Is it fair to say Princeton was the nation's capital for that time?
I'd say either that it had two capitals — Philadelphia, where the executive offices still were functioning, and Princeton, where Congress was meeting — or that it was a nation without a real capital. But Congress didn't get much of anything done while it was here. For one thing, they almost couldn't get a quorum to do business. Under the rules of the Articles of Confederation, you had to have a minimum of seven states, and each state had to have at least two representatives. ... And for serious business, like approving a treaty, they needed nine. So any state could block it.
Did they achieve anything noteworthy?
Well, they ratified a commercial treaty with Sweden. That was in late July. It took them a month to get a quorum of nine states to do that. The definitive peace with Britain arrives in early November, and then they leave a few days later and go to Annapolis, and it takes them a long time to get a quorum of nine there to ratify the treaty. By then, the technical deadline for ratifying it has already passed, and Congress is so broke that it can't afford to hire a courier to carry the ratification back to Europe, and so they have to borrow the money from France and hire a British ship to carry the ratification of our independence to Europe.
Why was Princeton so heavily represented in the nation's early political life?
The Class of 1771 included not just James Madison, but Gunning Bedford Jr., a delegate to the Constitutional Convention; the journalist and politician Hugh Henry Brackenridge; and poet and crusading editor Philip Freneau — among others.
They almost had Alexander Hamilton. The story is that he asked Witherspoon for junior class standing and Witherspoon wouldn't grant it to him, so he went to what's now Columbia instead. Aaron Burr Jr. was Madison's Princeton contemporary [Class of 1772]. Witherspoon is part of the reason [for the students' Revolutionary fervor]. His students really did admire him, and he brings the Scottish Enlightenment to Princeton in a way that it hadn't been there before.
When I taught the Revolution, I used to say that to the outside world the Constitutional Convention was known as the Philadelphia Convention, but we know what it really was: the first Princeton Alumni College. There were more delegates from Princeton than from any two other colleges combined. Many of them were in critical positions. Madison drew up the Virginia Plan. William Paterson  drew up the New Jersey plan. Oliver Ellsworth  of Connecticut, the future chief justice [of the Supreme Court], was one of those responsible for the Connecticut Compromise.

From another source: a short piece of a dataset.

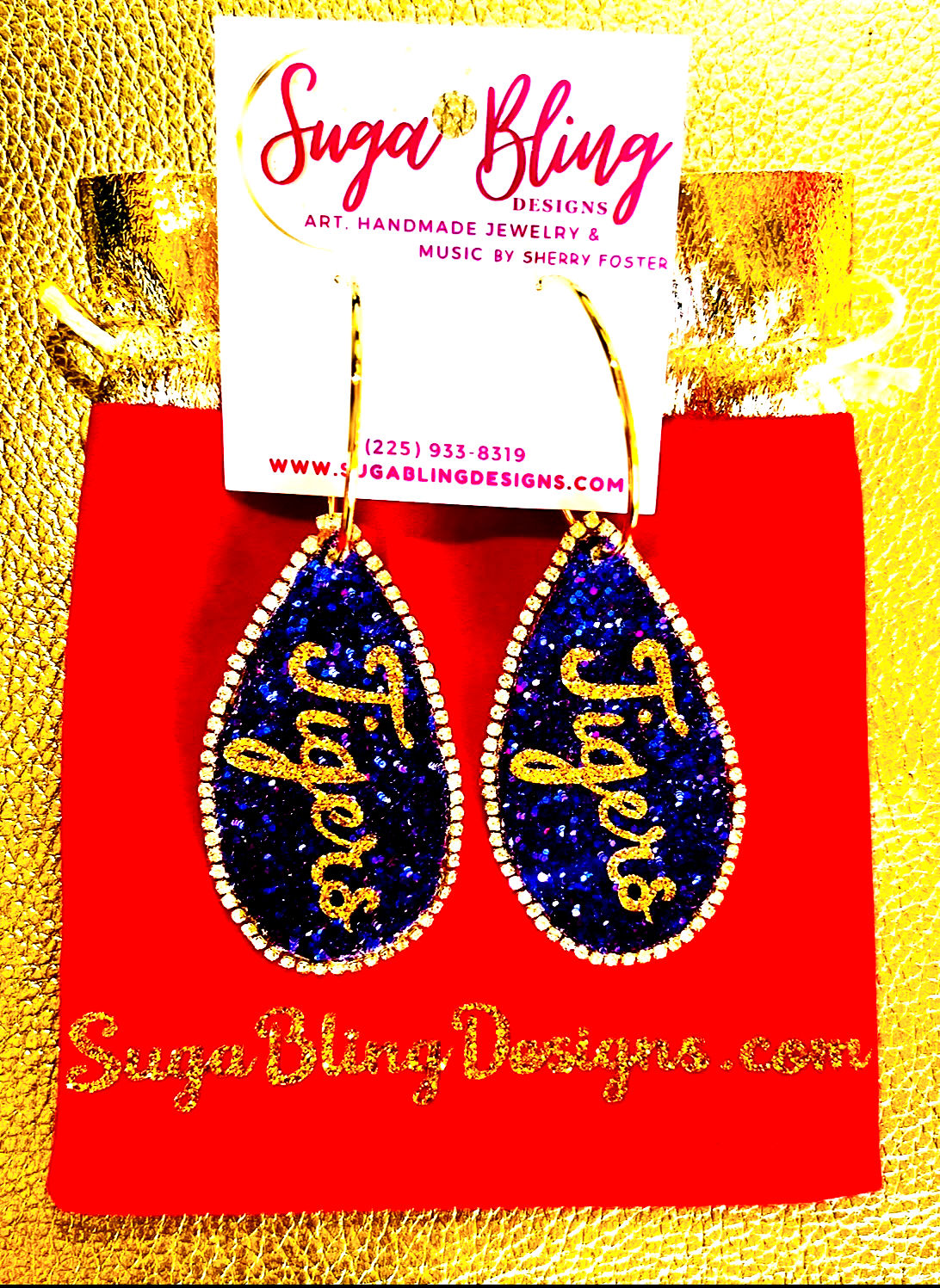 A1 1033 Women's Tigers Purple and Gold Rhinestone Hoops Lg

And Bedford was the one who created the biggest alarm by suggesting that the small states might turn to foreign powers to get some kind of justice from the large states.

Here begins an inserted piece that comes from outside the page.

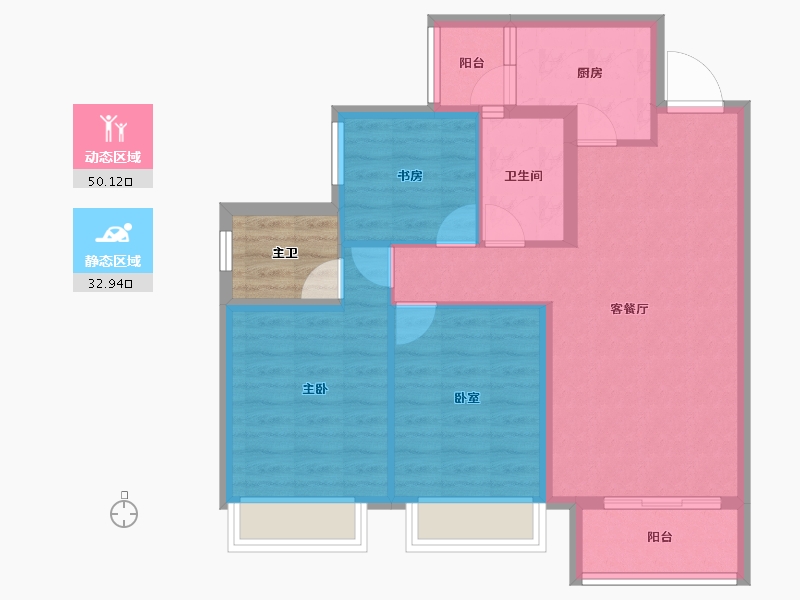 四川省-成都市-城投锦溪城-77.95-户型库-动静分区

There is still great debate over whether or not ours is a Christian nation, and you can find evidence in the writing of the Founding Fathers to support both sides.

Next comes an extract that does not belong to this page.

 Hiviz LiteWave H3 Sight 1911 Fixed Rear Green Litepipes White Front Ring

What I think you can say about almost all the Founding Fathers is that they did not want to have a fight over religion, so they would say inoffensive things. Washington seems almost always to use a euphemism for God: the "Great Designer of the Universe" or something like that. He almost never says "God." ... But he went to church. Benjamin Franklin was probably more religious in his old age than he was as a young man, when he was certainly flirting with atheism. He's the one who, in a critical moment in the Constitutional Convention, moves that they invite in a clergyman to lead them in prayer. Madison is the one who finally defeats that by moving to adjourn, even though it was still morning and they were supposed to have a whole day! But obviously he didn't want to have a vote on prayer. And there were probably only about four delegates who were on Franklin's side.